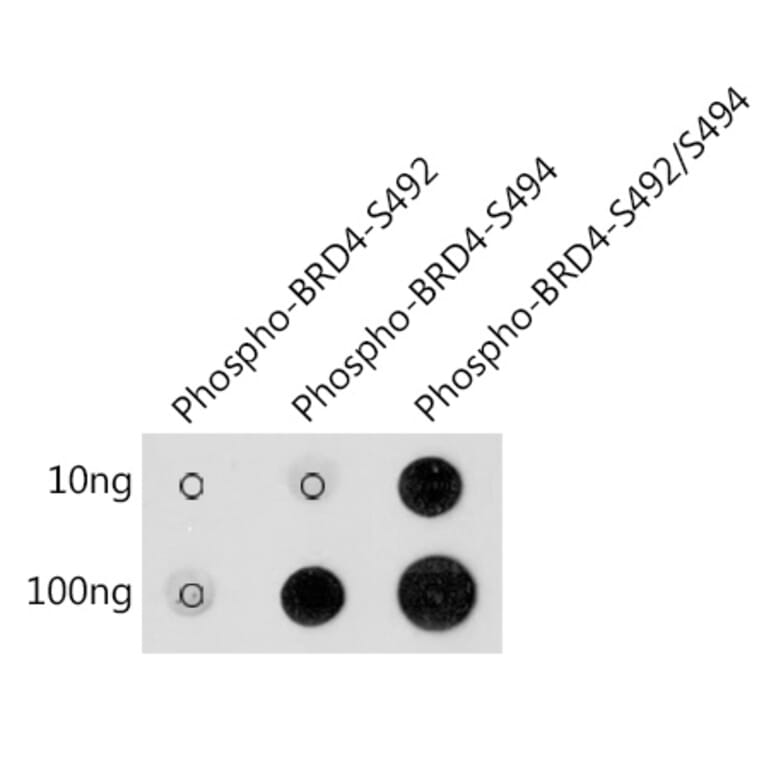 Dot Blot - Anti-Brd4 (phospho Ser492 + Ser494) Antibody (A305650) - Antibodies.com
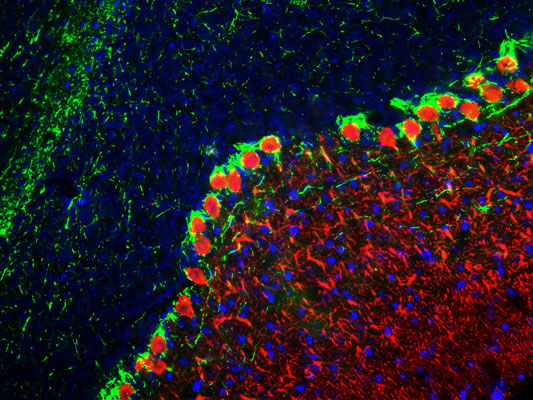 Immunofluorescence of a section of rat cerebellum showing specific labeling of calbindin (cat. 302-CALB, 1:1000, red) in the dendrites of Purkinje cells. Axons are labeled green with anti-Neurofilament H antibody ( cat. 1451-NFH , 1:25,000), and additional nuclear staining with DAPI. 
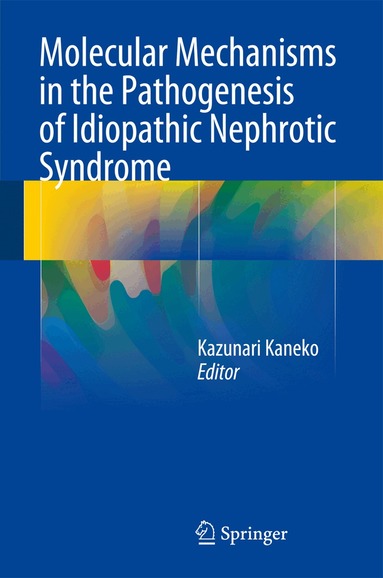 Kazunari Kaneko - Molecular Mechanisms in the Pathogenesis of Idiopathic Nephrotic Syndrome, Inbunden
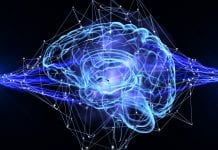 Tanycytes: the cells that control body weight and energy balance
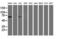 Peroxisome Proliferator Activated Receptor Alpha antibody, LS-C337491, Lifespan Biosciences, Western Blot image 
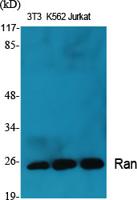 Ran Polyclonal Antibody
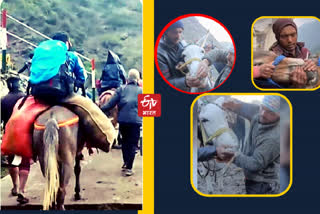 horse being fed cigarette on Chardham Yatra route Video  goes viral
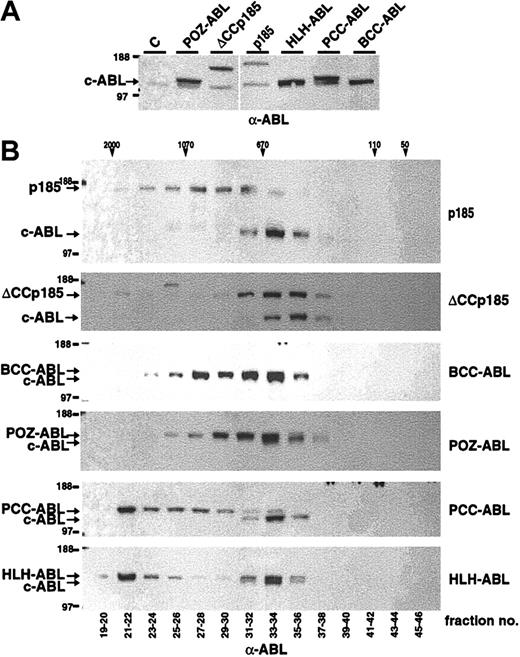 Figure 2. Formation of high molecular weight complexes by BCR-ABL mutants. (A) Expression in Cos-1 cells was controlled by Western blot analysis using an α-ABL antibody. (B) Cos-1 cell lysates were fractionated by size-exclusion HPLC. The fractions indicated on the bottom were analyzed by Western blot using an α-ABL antibody. Molecular weights (MWs) corresponding to HPLC fractions are given on the top. Expression of the endogenous ABL and the transgenes is indicated by arrows.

·····

**WHAT YOU ARE ASKED TO DO:** Nothing but the lines from the one containing "Kazunari Kaneko - Molecular" through the last line of the listing should be copied, each word for word and without pictures.

**PROBLEM SOLUTION:**
 Kazunari Kaneko - Molecular Mechanisms in the Pathogenesis of Idiopathic Nephrotic Syndrome, Inbunden
 Tanycytes: the cells that control body weight and energy balance
 Peroxisome Proliferator Activated Receptor Alpha antibody, LS-C337491, Lifespan Biosciences, Western Blot image 
 Ran Polyclonal Antibody
 horse being fed cigarette on Chardham Yatra route Video  goes viral
 Figure 2. Formation of high molecular weight complexes by BCR-ABL mutants. (A) Expression in Cos-1 cells was controlled by Western blot analysis using an α-ABL antibody. (B) Cos-1 cell lysates were fractionated by size-exclusion HPLC. The fractions indicated on the bottom were analyzed by Western blot using an α-ABL antibody. Molecular weights (MWs) corresponding to HPLC fractions are given on the top. Expression of the endogenous ABL and the transgenes is indicated by arrows.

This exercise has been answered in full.